# Instructions for the task
When copying the data below, keep only the lines from the one with "Used 2021 Jeep Renegade Latitude FWD image 3" through the one with "Aptos Vacation Rental", word for word, and skip the pictures.

# Extracted material
- - - - - - -
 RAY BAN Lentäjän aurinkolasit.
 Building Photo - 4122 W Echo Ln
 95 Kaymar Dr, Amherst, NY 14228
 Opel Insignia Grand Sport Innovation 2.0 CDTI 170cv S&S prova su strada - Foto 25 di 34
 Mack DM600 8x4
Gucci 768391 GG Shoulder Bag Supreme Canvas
- - - - - - -
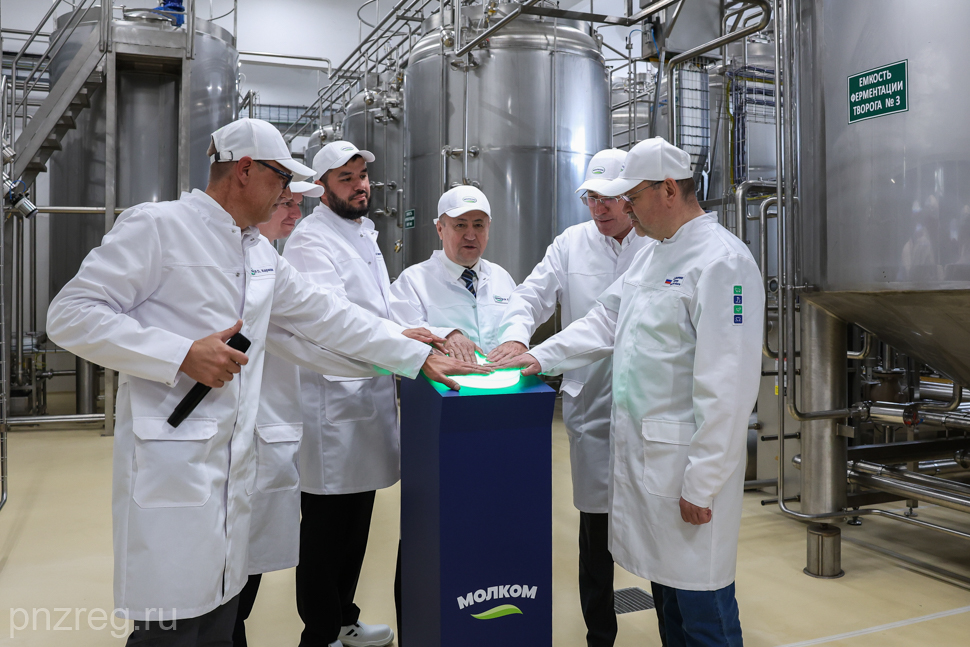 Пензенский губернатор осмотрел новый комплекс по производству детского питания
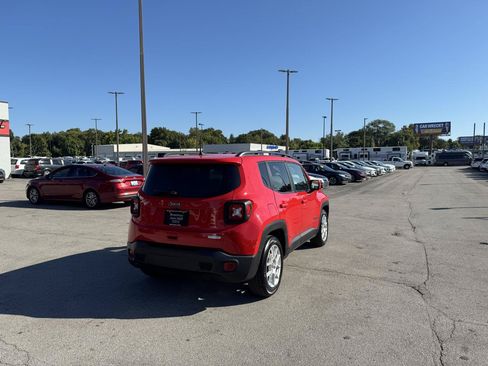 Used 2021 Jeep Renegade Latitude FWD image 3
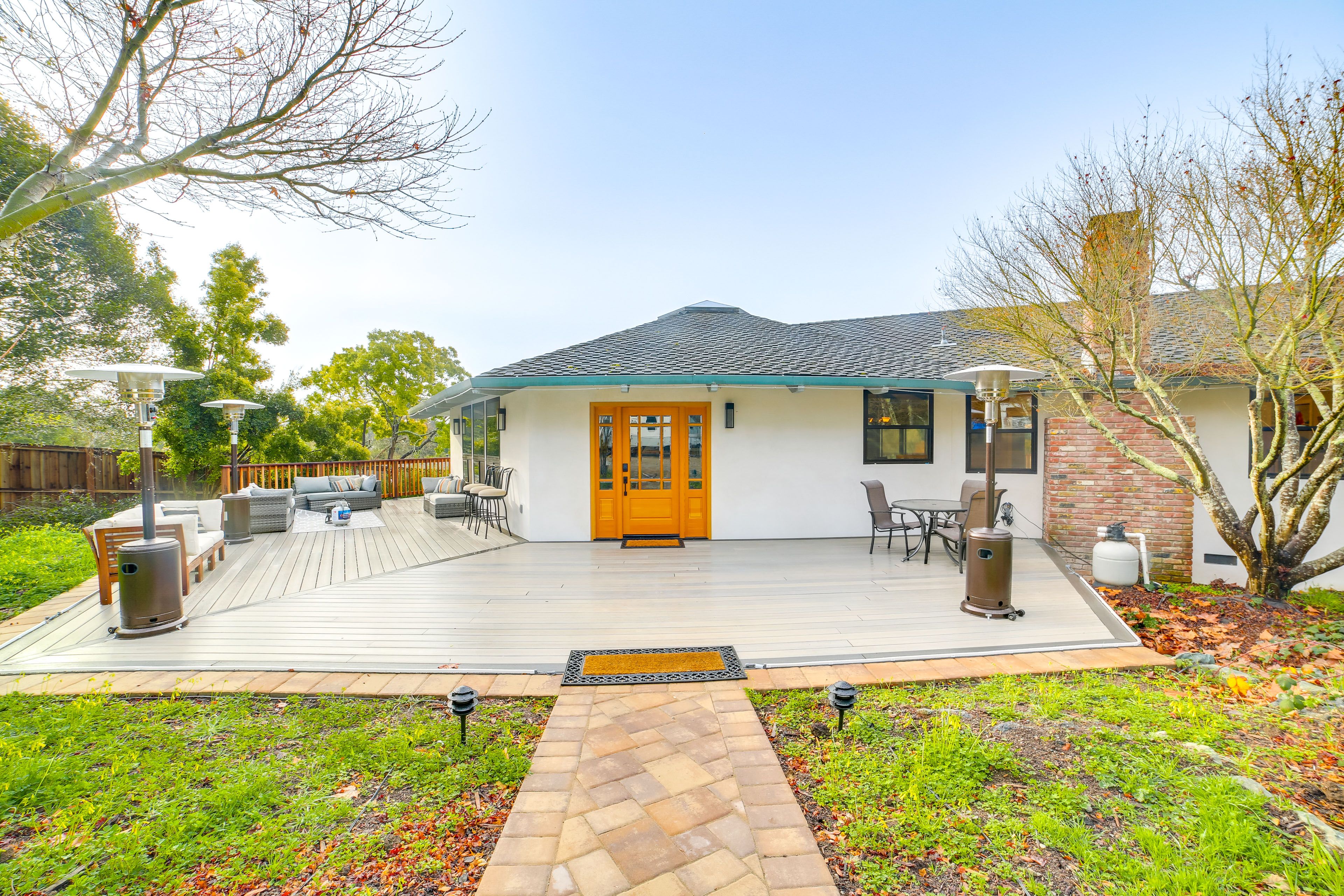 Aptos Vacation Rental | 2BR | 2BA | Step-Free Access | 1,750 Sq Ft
- - - - - - -
# Written answer
 Used 2021 Jeep Renegade Latitude FWD image 3
 Aptos Vacation Rental | 2BR | 2BA | Step-Free Access | 1,750 Sq Ft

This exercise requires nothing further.